Investment Grade 335

Monday, August 24th, 2015
Here's a good investment. A 59 dot neck with an issue or two. Same price as 335 shares of Apple stock at today's price of $104 a share as of 3 o'clock today.

Here’s a good investment. A 59 dot neck with an issue or two. About the same price as 335 shares of Apple stock at today’s price of $104 a share as of 3 o’clock today.

With the Dow down 1100 points this morning, it might be time to take a closer look at your investment strategy. Today, you can buy a pretty nice dot neck 335 for the same price as 335 shares of Apple stock. That would be around $35000. That won’t get you a mint 59 but it will get you a near mint 58, 60 or 61 or a really nice (but not mint) 59. So, which would you rather have?

Note that I didn’t say “which is the better investment?” If I knew that, I’d be rich and I wouldn’t be selling vintage guitars I’d be collecting them. Certainly, Apple and a lot of other stocks have been really good investments for the past 7 years or so-pretty much since the market last tanked in 2008 thanks to a bunch of out of control and greedy banks and investors. These same investors took down your home and your vintage guitar collection too. The end of the vintage guitar bubble coincided with that unfortunate market turn. But what about now?

I’m going to use the dot neck market as my reference point. 59 dot necks hit $50,000 in 2008 and blondes were flirting with (and probably exceeded) $100,000. The 335 dot market got hit by 30-35% while the Dow took a 50% nosedive from it’s October 2007 high of 14,164 down to 6594 in March of 2009. If you hung in there with your stocks, you were rewarded with a 6 year bull market and your portfolio probably added another 30% from its 2007 high. If you stayed with your 59 335, you probably got back close to where you were in 2008 but if you bought before that, you are probably, once again, way ahead. The 335 market is still not at the level it was at the peak of the bubble but it is pretty close. Right now, it’s too early to know what the Dow is going to do next and it’s too soon to see if the current downturn is going to affect the vintage guitar market. But I have some thoughts on the matter.

The pundits are saying that the Chinese economy has taken a serious downturn and that has affected the US markets. When stocks go down, money leaves the market and goes elsewhere. It goes to cash, it goes to bonds, it used to go to real estate and maybe some of it goes to collectibles. It has to go somewhere. The downturn of the Chinese economy in and of itself, isn’t going to affect the vintage guitar market because the Chinese don’t buy American vintage guitars. They copy them but they don’t buy them. I haven’t sold a single guitar to anyone in China. Of course, the effects of the Chinese downturn as it applies to American investors may affect the vintage market to a degree.  After all, most buyers of vintage guitars are using disposable wealth-money that isn’t currently needed to live on. The same money that goes into stocks often goes into vintage guitars. I heard time and again that a buyer “needs a day for two to sell some stock” to fund a guitar purchase.

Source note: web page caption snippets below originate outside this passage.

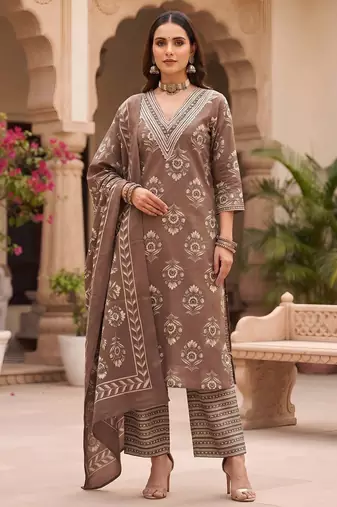 Brown floral printed cotton kurta set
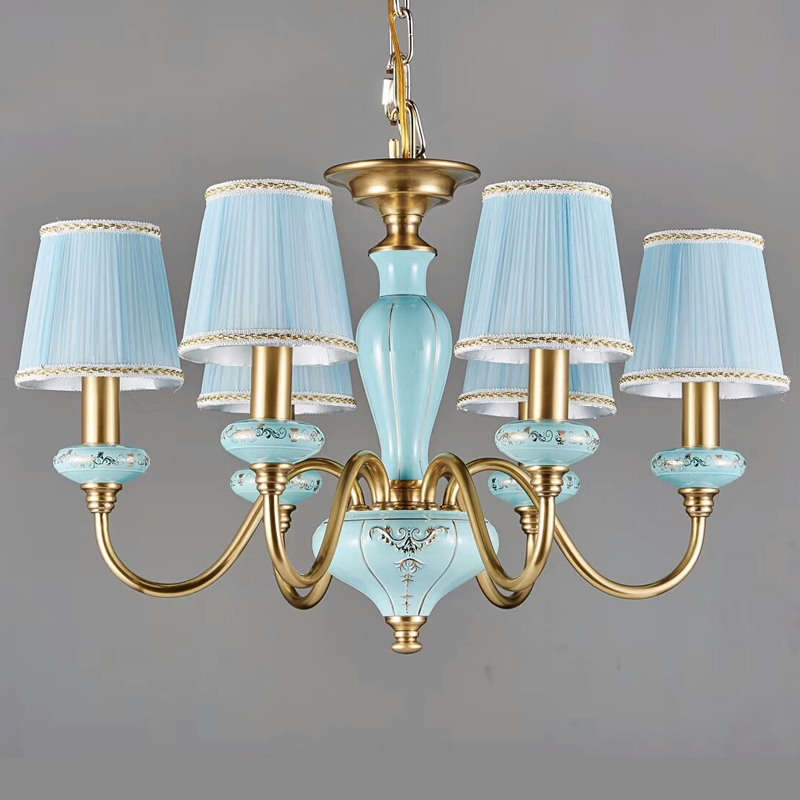 New 6 Lights Fabric Shade Pendant Light Ceramic French Chandelier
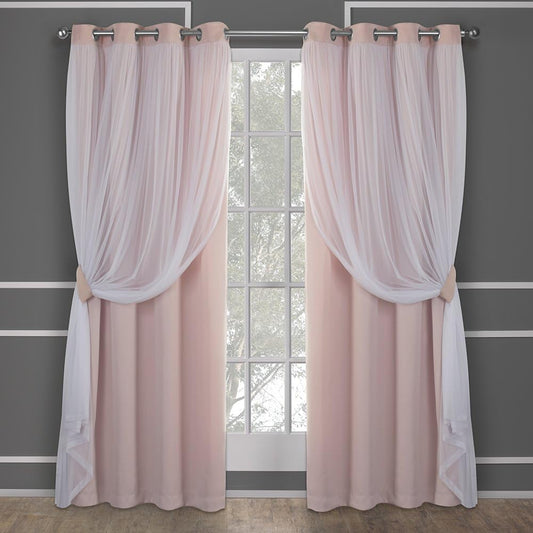 Exclusive Home Catarina Layered Solid Room Darkening Blackout and Sheer Grommet Top Curtain Panel Pair, 52"X84", Rose Blush  Exclusive Home Curtains Rose Blush 52X108 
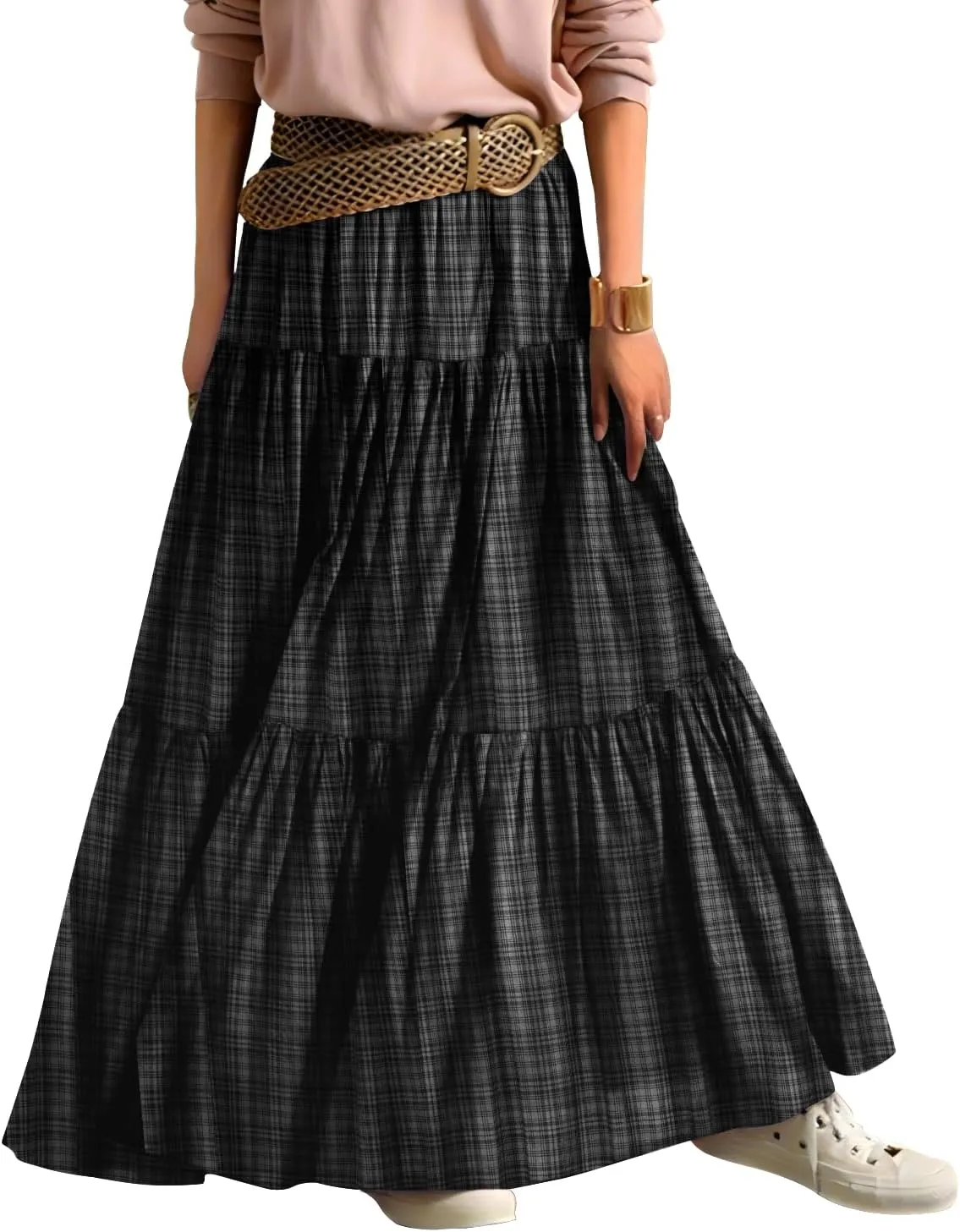 YESNO Women's Summer Boho Floral Maxi Skirts Casual Flowy Tiered A-Line Elastic Waist Skirt with Pockets SK0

With the market tanking, you might be inclined to liquidate some holdings. You might be inclined to simply hang on. I’m not going to tell you that a 59 ES-335 is a better investment today than buying 335 shares of Apple. But it might be a safer one. People want Apple stock because they feel they can make some money from it. People want 59 dot necks because they really want to own a 59 dot neck. That doesn’t go away when the value dips. A 59 335 is going to be someone’s dream guitar until my generation is dead and buried. Whether subsequent generations will continue the love affair is yet to be seen. But I just don’t hear folks talking about how they can’t wait until their Apple stock arrives so they can – what, look at the stock certificate? Nobody even gets stock certificates any more. You can’t touch Apple stock. You can’t play Apple stock. You can make money and you can lose money. Apple could, conceivably, go to $12 a share. I know-I once owned it at that price. On that day 335 shares of Apple would be worth $4020. Your 59 ES-335 will never be worth $4020. And if it is, let me know. I’ll buy it from you. Oh, and you can’t play the blues on a stock certificate but you can certainly sing the blues if that’s where your money is today.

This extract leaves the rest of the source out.